TASK DESCRIPTION » Your reply should hold every entry below exactly as written and none of the pictures.

PROVIDED ENTRIES »
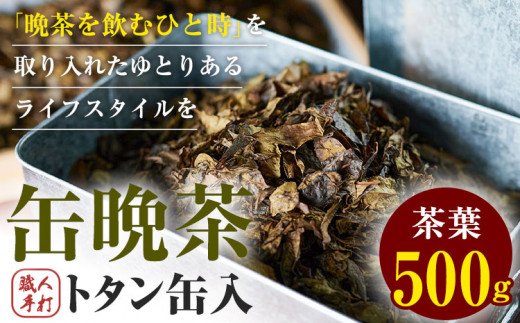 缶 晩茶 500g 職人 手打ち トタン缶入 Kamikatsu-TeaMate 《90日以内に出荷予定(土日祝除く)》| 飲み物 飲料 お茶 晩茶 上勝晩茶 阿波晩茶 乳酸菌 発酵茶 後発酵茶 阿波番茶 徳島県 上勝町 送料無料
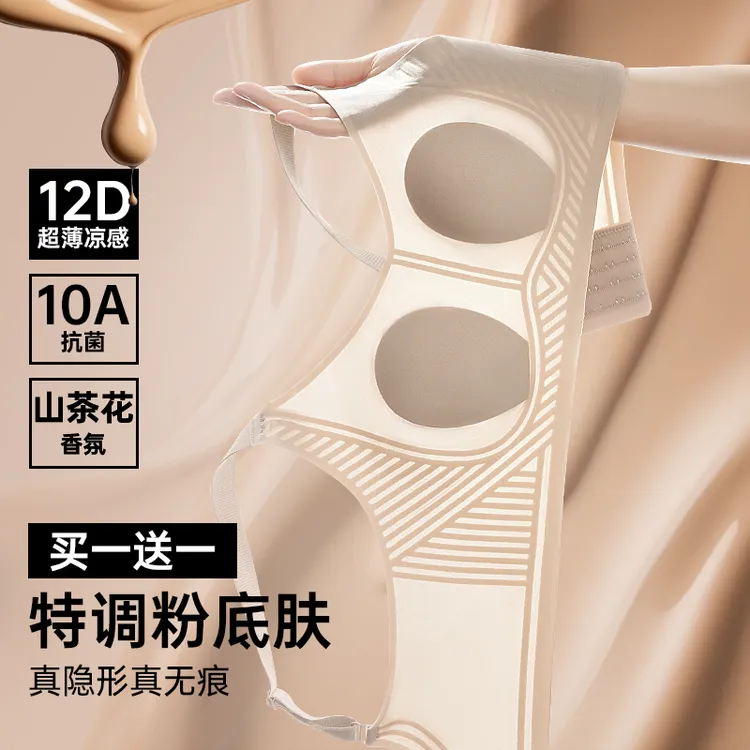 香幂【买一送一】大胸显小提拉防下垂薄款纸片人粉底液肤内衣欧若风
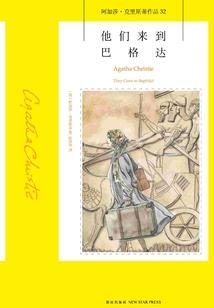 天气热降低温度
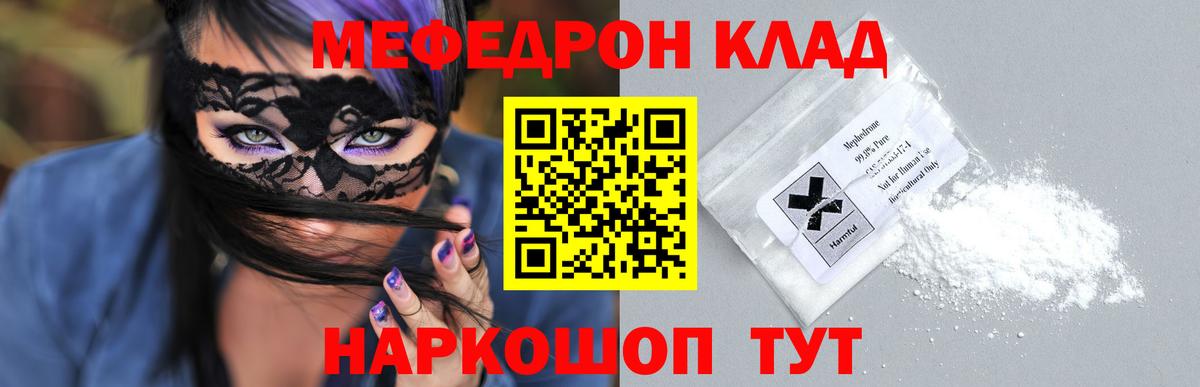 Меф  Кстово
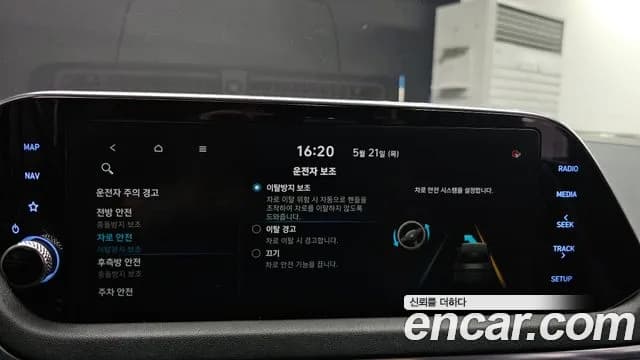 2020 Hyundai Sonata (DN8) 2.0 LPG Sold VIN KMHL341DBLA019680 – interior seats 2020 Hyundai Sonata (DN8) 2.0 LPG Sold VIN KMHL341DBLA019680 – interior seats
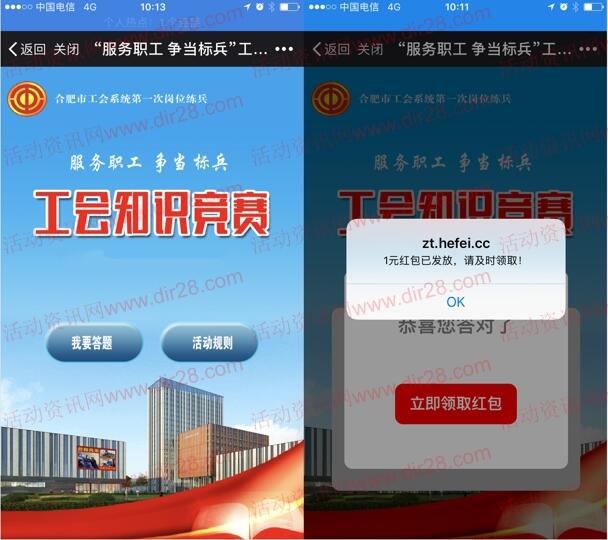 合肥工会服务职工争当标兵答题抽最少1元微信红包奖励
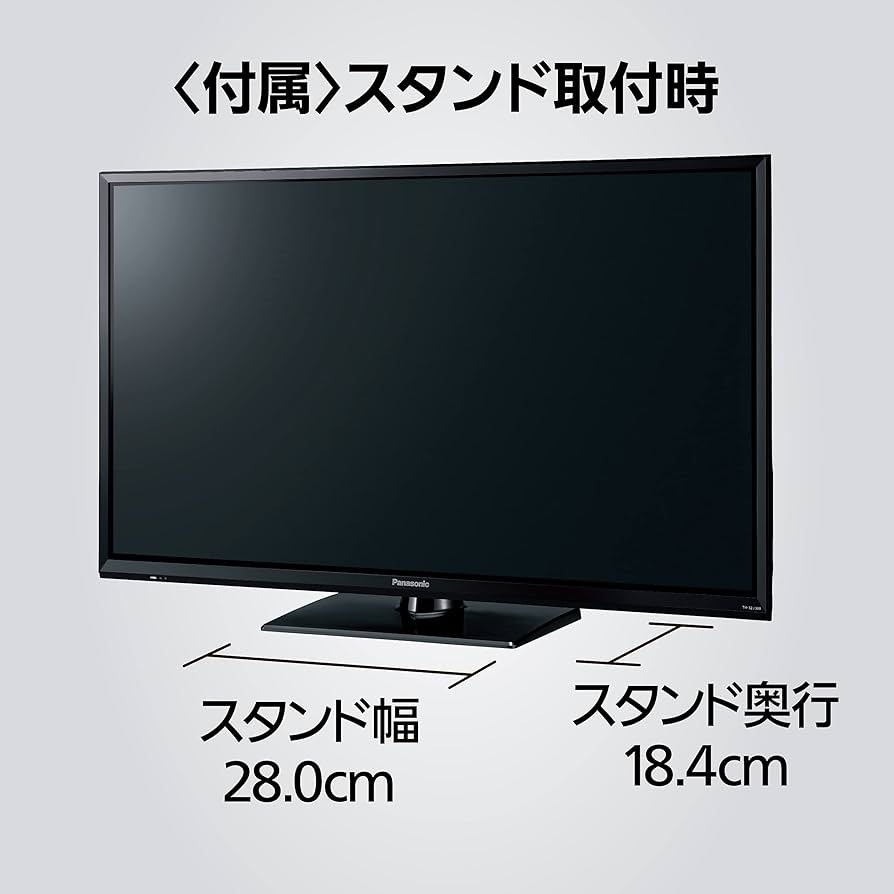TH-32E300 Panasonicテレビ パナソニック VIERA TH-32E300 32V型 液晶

WRITTEN ANSWER »
 缶 晩茶 500g 職人 手打ち トタン缶入 Kamikatsu-TeaMate 《90日以内に出荷予定(土日祝除く)》| 飲み物 飲料 お茶 晩茶 上勝晩茶 阿波晩茶 乳酸菌 発酵茶 後発酵茶 阿波番茶 徳島県 上勝町 送料無料
 香幂【买一送一】大胸显小提拉防下垂薄款纸片人粉底液肤内衣欧若风
 天气热降低温度
 Меф  Кстово
 2020 Hyundai Sonata (DN8) 2.0 LPG Sold VIN KMHL341DBLA019680 – interior seats 2020 Hyundai Sonata (DN8) 2.0 LPG Sold VIN KMHL341DBLA019680 – interior seats
 合肥工会服务职工争当标兵答题抽最少1元微信红包奖励
TH-32E300 Panasonicテレビ パナソニック VIERA TH-32E300 32V型 液晶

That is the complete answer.